**What needs to be done**
In the copy of the lines below, leave out pictures and print everything else exactly.
*** Data for this exercise ***
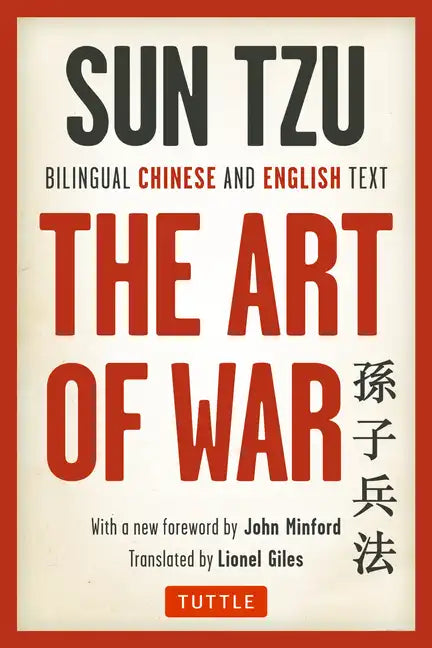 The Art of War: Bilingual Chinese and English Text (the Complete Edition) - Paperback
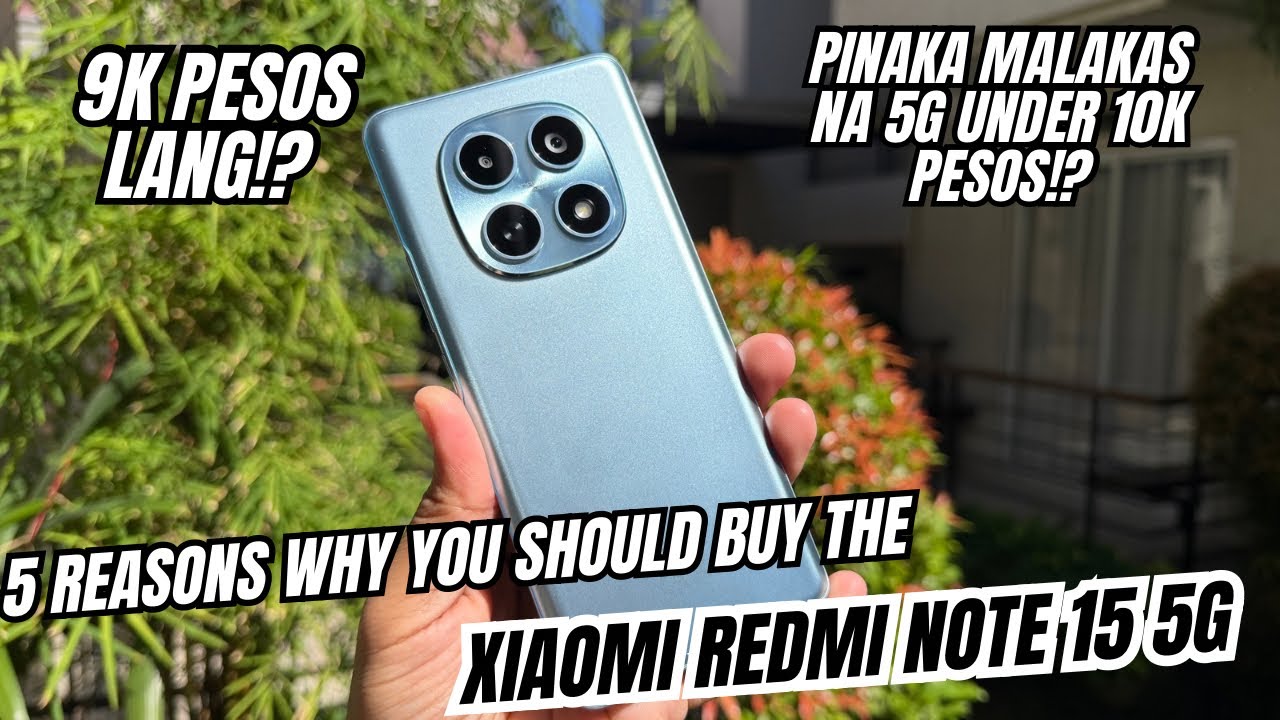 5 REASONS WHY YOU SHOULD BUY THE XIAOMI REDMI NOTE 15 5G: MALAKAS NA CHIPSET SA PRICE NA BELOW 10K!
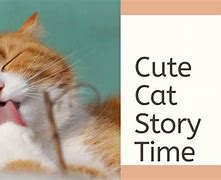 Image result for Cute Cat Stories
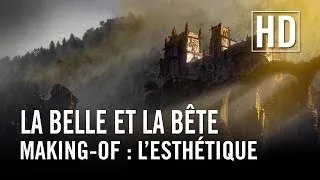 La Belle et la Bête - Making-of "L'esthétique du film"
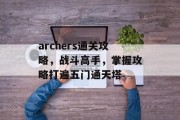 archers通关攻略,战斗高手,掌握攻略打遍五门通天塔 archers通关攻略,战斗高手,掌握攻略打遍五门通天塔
*** End of Data for this exercise ***
**Exercise result**
 The Art of War: Bilingual Chinese and English Text (the Complete Edition) - Paperback
 5 REASONS WHY YOU SHOULD BUY THE XIAOMI REDMI NOTE 15 5G: MALAKAS NA CHIPSET SA PRICE NA BELOW 10K!
 Image result for Cute Cat Stories
 La Belle et la Bête - Making-of "L'esthétique du film"
 archers通关攻略,战斗高手,掌握攻略打遍五门通天塔 archers通关攻略,战斗高手,掌握攻略打遍五门通天塔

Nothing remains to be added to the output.